In 1989, a geomagnetic disturbance (GMD) event in Quebec left six million people without power for nine hours. The disturbance caused seven of the electrical devices used to regulate voltage in the grid, the static VAR compensators, to be tripped within 59 seconds, causing a voltage collapse 25 seconds later. GMD events continue to occur and, when they do, can wreak havoc on the power grid. Texas A&M University researchers have created a network to help solve this problem.
With funding from the Governor’s University Research Initiative (GURI) grant, Dr. Thomas Overbye, professor and O'Donnell Foundation Chair III in the Department of Electrical and Computer Engineering at Texas A&M, led the installation of the first closely spaced magnetometer network in the country – the Texas Magnetometer Network.
A magnetometer is a device installed in the ground that is used to measure the Earth’s magnetic field at a particular location. The magnetometer outputs can be used by the electric power industry to better manage GMD events, which are caused by solar flares ejected from the surface of the sun. These GMDs can cause geomagnetically induced currents (GICs) in the grid that could result in voltage collapses and transformer damage, leaving many without power.
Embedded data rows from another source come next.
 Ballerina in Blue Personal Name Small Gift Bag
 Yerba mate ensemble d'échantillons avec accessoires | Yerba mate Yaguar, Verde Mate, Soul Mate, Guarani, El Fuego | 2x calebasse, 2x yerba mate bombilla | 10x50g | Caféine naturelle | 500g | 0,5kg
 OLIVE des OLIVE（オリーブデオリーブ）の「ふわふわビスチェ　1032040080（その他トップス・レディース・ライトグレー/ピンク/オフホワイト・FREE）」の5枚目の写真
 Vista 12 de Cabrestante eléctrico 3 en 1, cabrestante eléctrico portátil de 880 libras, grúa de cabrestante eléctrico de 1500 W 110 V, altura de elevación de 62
This new magnetometer network is a wonderful resource for Texas and the rest of our country. We’re very much looking forward to getting this data out to industry to help them improve the resiliency of the electric grid.
Other magnetometers being used in the U.S. are scattered throughout the country, often thousands of miles apart. The Texas Magnetometer Network contains six magnetometers, all in the state of Texas. Overbye, who is also the director of the Smart Grid Center at Texas A&M, is working closely with associate research engineer Komal Shetye to analyze the data and use that to better understand these types of events. The ultimate goal is to lessen the impact of these dangerous occurrences.
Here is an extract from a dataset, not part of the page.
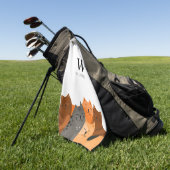 モノグラム猫 ゴルフタオル (グリーン)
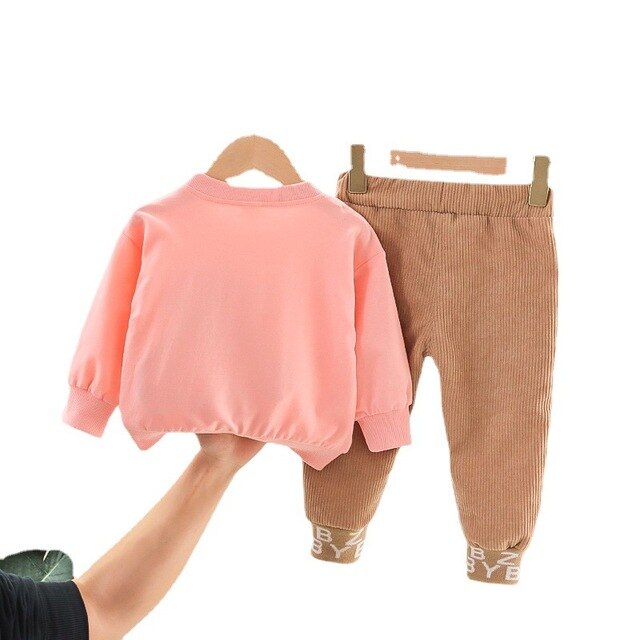Zestaw ubrań dla dziewczynek 1-5 lat: bluzka i spodnie jesienne z motywem niedźwiedzia, idealny prezent urodzinowy dla dzieci - Wianko - 7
Data is captured every second allowing for the potential to better understand changes in the grid affected by GMDs and GICs. Analyzing the data received from the magnetometers is the first step to understanding the events themselves and can help Overbye’s team recreate past events and do post-event analyses. In addition, the real data captured by the magnetometers allows the team to validate their grid simulations and subsequent research.
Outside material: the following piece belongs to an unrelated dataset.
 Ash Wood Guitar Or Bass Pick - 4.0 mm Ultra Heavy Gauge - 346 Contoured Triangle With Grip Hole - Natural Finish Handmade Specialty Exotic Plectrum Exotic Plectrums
Being in closer proximity to one another than most magnetometers allows the team to gather information that is simply not available with others that are dispersed farther apart.
“Having such closely spaced arrays is kind of rare, especially in the U.S.,” Shetye said. “The benefit of having closely spaced arrays is that there is information we are getting, which is currently missing from these that are currently distributed around the country. For example, we can study any low-grade differences or any field intensifications, which has also been a concern of the research community.”
The installation of all six magnetometers was completed in December 2019. Overbye and Shetye’s next steps will be to partner with power grid operators and utility companies to analyze the data and ultimately improve the state of Texas’ power grid.
“This new magnetometer network is a wonderful resource for Texas and the rest of our country,” Overbye said. “We’re very much looking forward to getting this data out to industry to help them improve the resiliency of the electric grid.”